Thursday 14 September 2017

20.17 Blog #30: Make it till you fake it (or: Say F Off to the Pay Off)

Life is not mathematics.  Energy + time + money does not = happiness/money/sucess

For a long time I think I bought into the myth, prevalent in the Arts for sure, one day you will 'make it'.  You will be the actor/writer/director that you idolise.  I sometimes feel, far even beyond politicians, that artists are placed on pedestals.  Glorification.

There's a constant phrase bandied around that your energy + time + money will 'pay off'.  Well, not always.  Some people are just in the right place, and right time.  Some people are thrown opportunities at them.  Some people have to work twice as hard because their have the world stacked against them in a sexist/racist/classist/ablist world.  Sometimes you work hard in the wrong direction.  Like a wonky swimmer splashing in the wrong direction:  land was off to the east.  Sorry, you spent hours swimming to the west and nothing but emptiness.
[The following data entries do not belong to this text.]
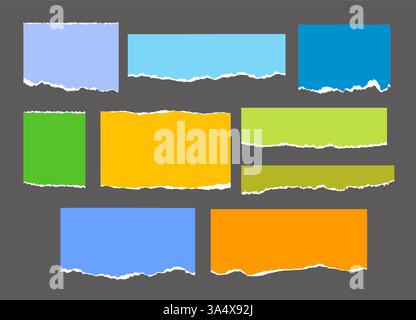 Set of paper note ripped strips on dark background. Paper page scraps with torn edges. Stock Vector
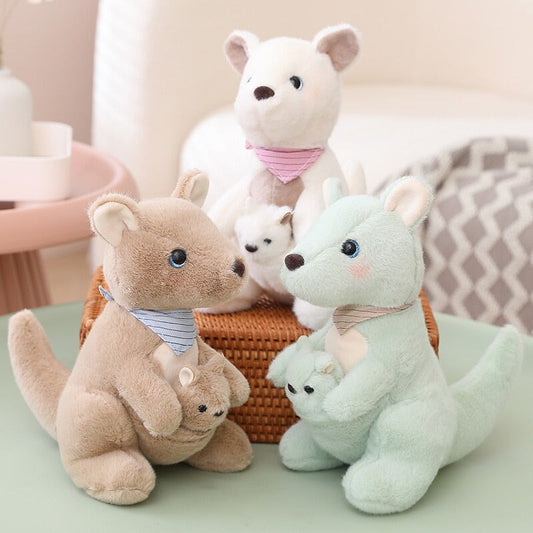 Fluffy Mother & Baby Kangaroo Plushie - Kawaiies - Adorable - Cute - Plushies - Plush - Kawaii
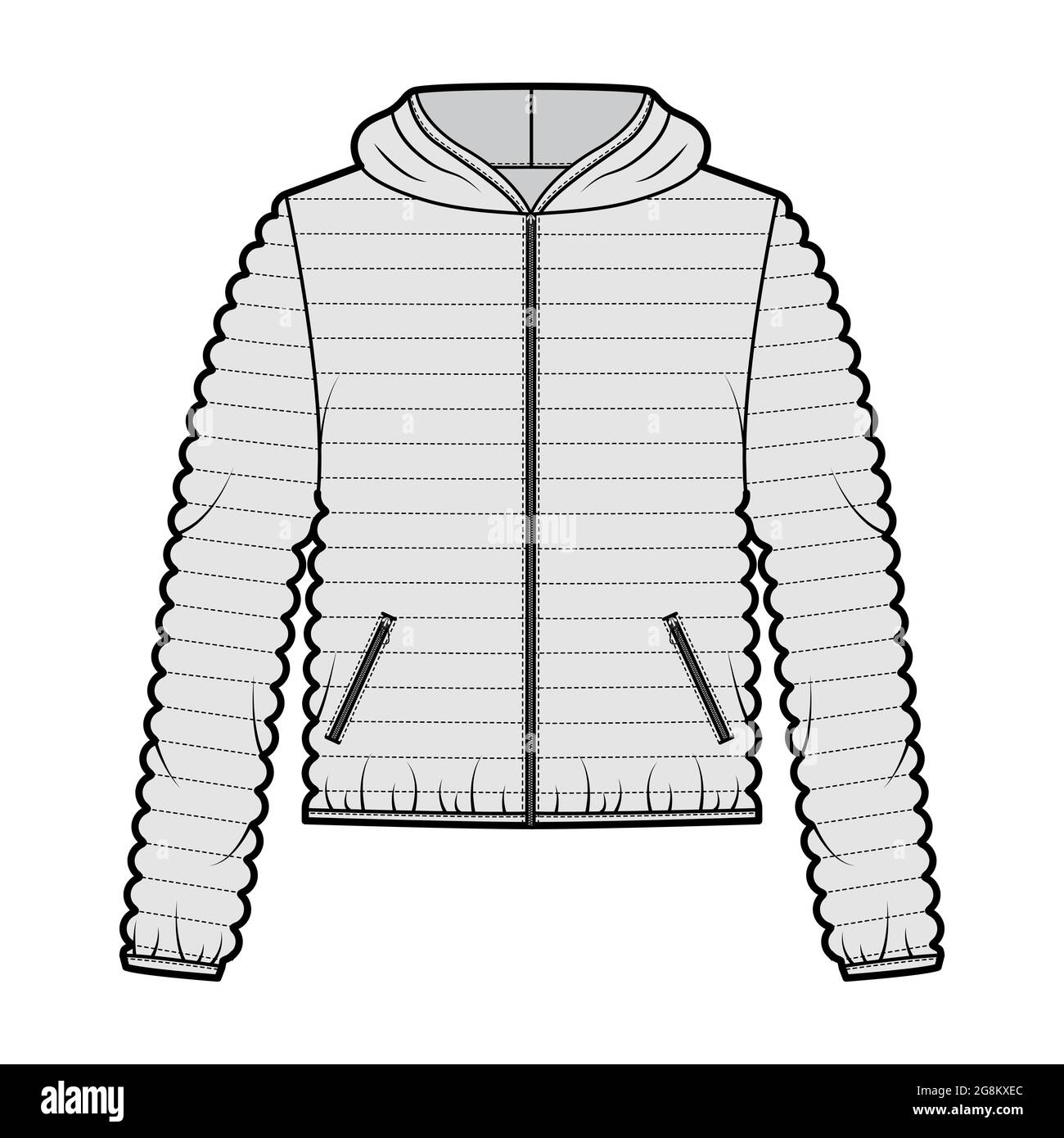 Hooded jacket Down puffer coat technical fashion illustration with long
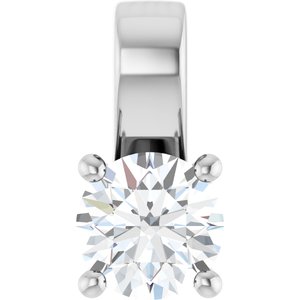 10K White Gold 5.5 mm Round Charm/Pendant Mounting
I wrote about this in another blog about The Land Of Should.  Expectations and assumptions are not always healthy for artists.  I should be getting paid gigs, I should be working on an album I should be getting up earlier, I should be healthier, I should be better.
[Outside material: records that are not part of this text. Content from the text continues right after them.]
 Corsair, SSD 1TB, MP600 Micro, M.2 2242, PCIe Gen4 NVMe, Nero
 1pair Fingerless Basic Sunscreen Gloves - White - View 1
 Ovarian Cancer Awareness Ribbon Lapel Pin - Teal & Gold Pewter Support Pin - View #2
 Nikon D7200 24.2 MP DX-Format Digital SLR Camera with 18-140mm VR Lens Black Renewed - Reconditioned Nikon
And, yes, if you do put a lot of energy into a task you will get better.  Practising guitar or a new language.  Getting better at free-writing, getting better at learning poems, getting better at mic technique.  But career-wise, it's trickier.  We talk of 'paying off' like it's a reward.  It has its origins as a gambling term from 1905, only in 1951 recorded as meaning 'to be profitable'.  The greasy hint of money hovers around the phrase.

When does something 'pay off'?  2 weeks?  5 years?  When you hit 30?  When you don't worry about money anymore?  When you've impressed our 12-year old selves?  When you've impressed your parents?  When you win the Nobel Prize for Literature?

Essentially, I think there's a difference between a 'goal' and a 'reward' and a 'pay-off'.  Rewards imply you are given something for your service or attitude or achievement.  There's a power structure (maybe with Christian undertones) that someone with more authority 'rewards' you.  I don't like that very much.  Goals can be small  Goals can be achievable.

So the 'payoff' in a film is when you stick it out, and then something much more exciting happens at the climax.  You paid into the film, and the payoff is the end result of your attention.  But of course the whole time you are making and working should be a ups and downs and waves and slumps of experiences, not a journey leading to one single point.

I guess this is one of the lessons I need to learn for myself, and use this blog to remind myself:  The arts are bloody hard.  Don't expect anyone to hand you anything just because you did work in the past.  Just because your CV is impressive.  Just because you have put loads of time, energy and money into your projects doesn't mean at some fixed point there will be a specific, financial, appreciative career payoff where someone gives you ALL the commissions and ALL the awards and ALL the gigs and ALL the respect.  There is no magical point.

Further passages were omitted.